Id. at 1199. In other words, the plaintiffs role as messenger was no more protected by the First Amendment than if she had physically delivered the information in writing back and forth between the concerned parents and the school officials. It thus becomes clear why this court explained in Bausworth, “[i]n making our examination, we focus on the employee’s role in conveying the speech rather than the public’s interest in the speech’s topic.” Id. at 1198 (emphasis added).
By contrast to the plaintiff in Bausworth, Mumford was not merely conveying information on behalf of other parties; he was espousing his personal opinion. Moreover, when we focus on the role that Mumford assumed in advancing his opinion, the facts suggest that he was acting as a concerned public citizen speaking on a matter of public interest, not that he spoke “merely as an employee, concerned only with internal policies or practices which were of relevance only to the employees” of ISU. Cox, 790 F.2d at 672. In other words, his speech was not “upon matters only of personal interest.” Connick, 461 U.S. at 147, 103 S.Ct. at 1690. Rather, it concerned a matter which can be “fairly considered as relating to [a] matter of ... concern to the community.” Id. at 146, 103 S.Ct. at 1690. Finally, even if his speech had been directed only to other members of the ISU faculty, that fact alone was insufficient to exclude Mumford’s speech from First Amendment protection on summary judgment. As the Supreme Court explained in Givhan v. Western Line Consol. Sch. Dist., 439 U.S. 410, 415-16, 99 S.Ct. 693, 696-97, 58 L.Ed.2d 619 (1979):
The First Amendment forbids abridgement of the “freedom of speech.” Neither the Amendment itself nor our decisions indicate that this freedom is lost to the public employee who arranges to communicate privately with his [or her] employer rather than to spread his [or her] views *762before the public. We decline to adopt such a view of the First Amendment.
See also Cox, 790 F.2d at 672 n. 5 (“[i]t is clear that an employee’s right to speak out on matters of public concern is not forfeited by the choice of a private forum”); Roberts v. Van Buren Pub. Sch., 773 F.2d 949, 955 (8th Cir.1985) (public nature of subject of speech is not negated by the fact that employees chose to communicate their concerns privately); accord Too v. Freeh, 27 F.3d 635, 639-41 (D.C.Cir.1994) (reversing grant of summary judgment for employer where speech touched upon issue of public concern, even though it involved an individual personnel dispute and was not made public).
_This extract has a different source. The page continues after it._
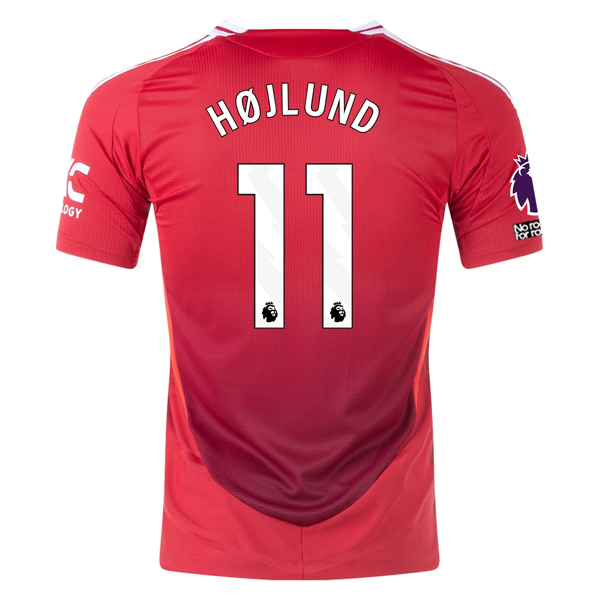 adidas Manchester United Rasmus Højlund Home Jersey w/ EPL + No Room For Racism Patches 24/25 (MUFC Red/Bright Red)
In sum, we hold, upon de novo review, that the district court erred in determining as a matter of law that Mumford’s speech was not protected under the First Amendment. We emphasize that our review of the district court’s disposition of Mumford’s free speech claim is limited to the district court’s legal conclusion that Mumford’s speech was not on a matter of public concern. Because the district court erred on this issue, we reverse the district court’s summary judgment dismissal of Mumford’s First Amendment claim.
The judgment of the district court is affirmed in part and reversed in part and the case is remanded for further proceedings consistent with this opinion.